- _What is needed_: Word for word, restate the entries below, but exclude the images.

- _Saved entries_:
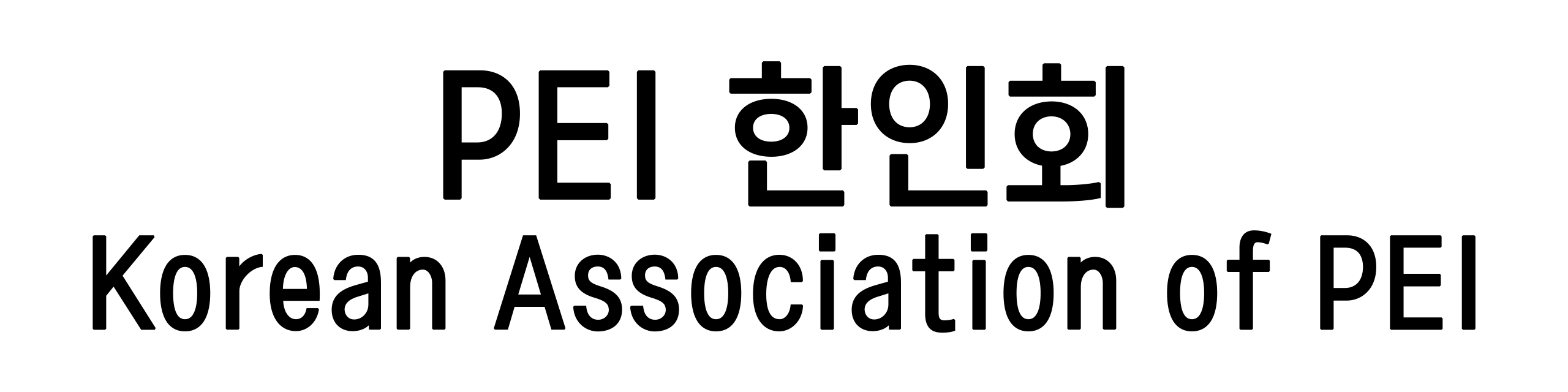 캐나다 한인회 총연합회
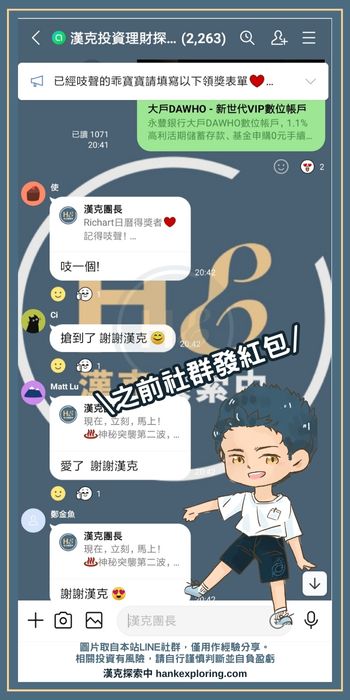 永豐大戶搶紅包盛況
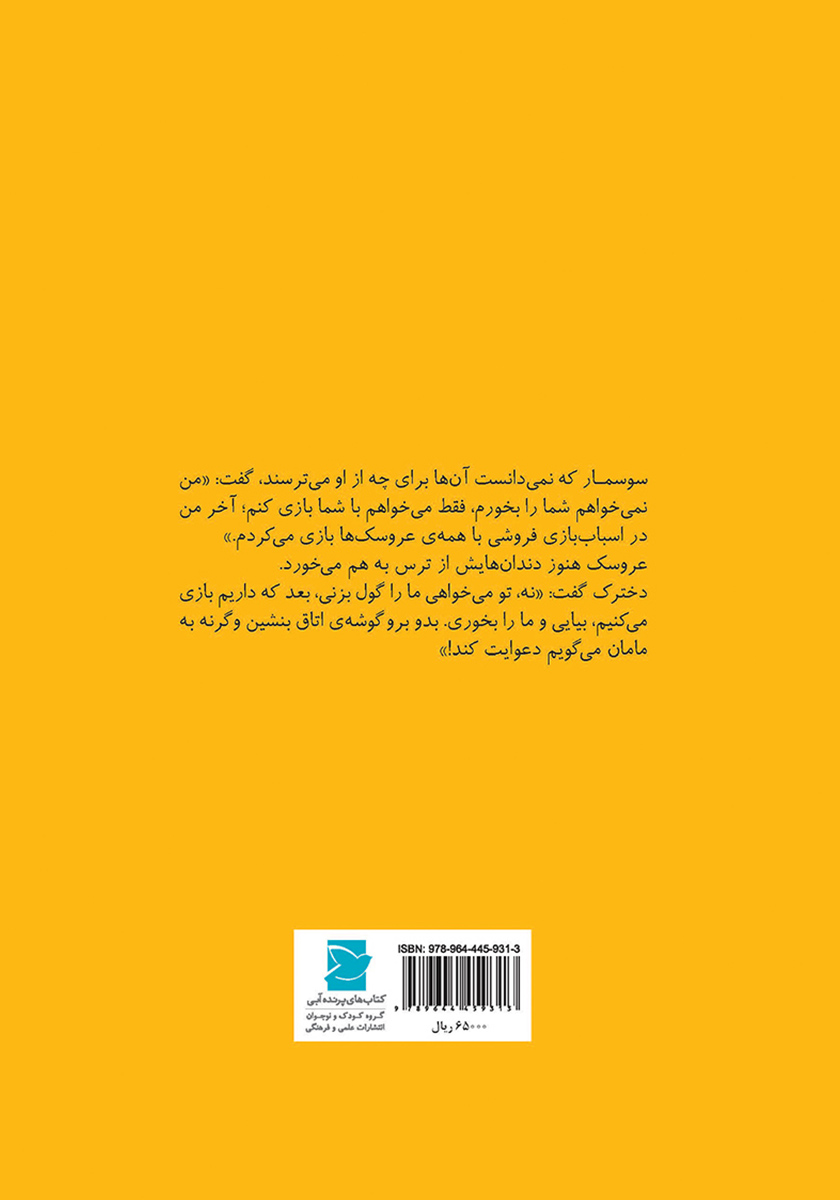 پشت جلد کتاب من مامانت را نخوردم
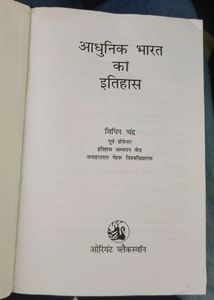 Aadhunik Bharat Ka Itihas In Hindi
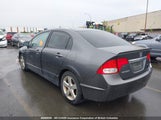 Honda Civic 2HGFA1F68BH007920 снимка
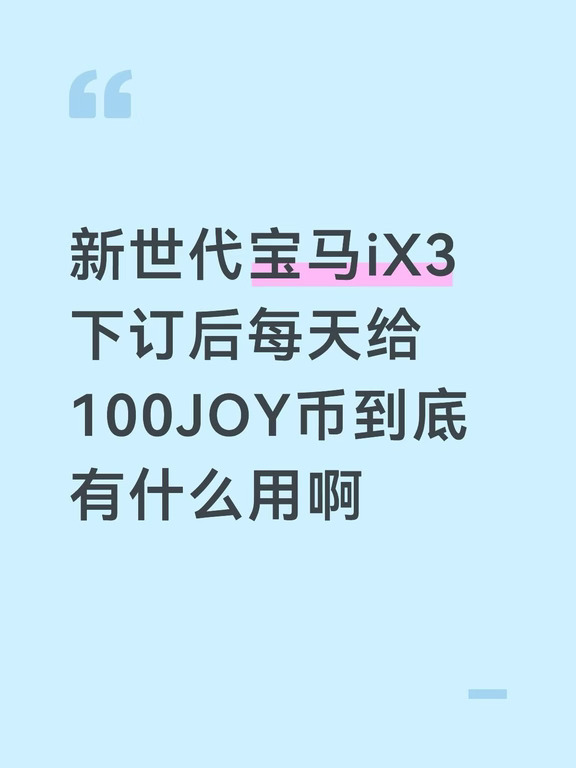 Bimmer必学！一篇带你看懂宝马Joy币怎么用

- _The completed task_:
 캐나다 한인회 총연합회
 永豐大戶搶紅包盛況
 پشت جلد کتاب من مامانت را نخوردم
 Aadhunik Bharat Ka Itihas In Hindi
 Honda Civic 2HGFA1F68BH007920 снимка
 Bimmer必学！一篇带你看懂宝马Joy币怎么用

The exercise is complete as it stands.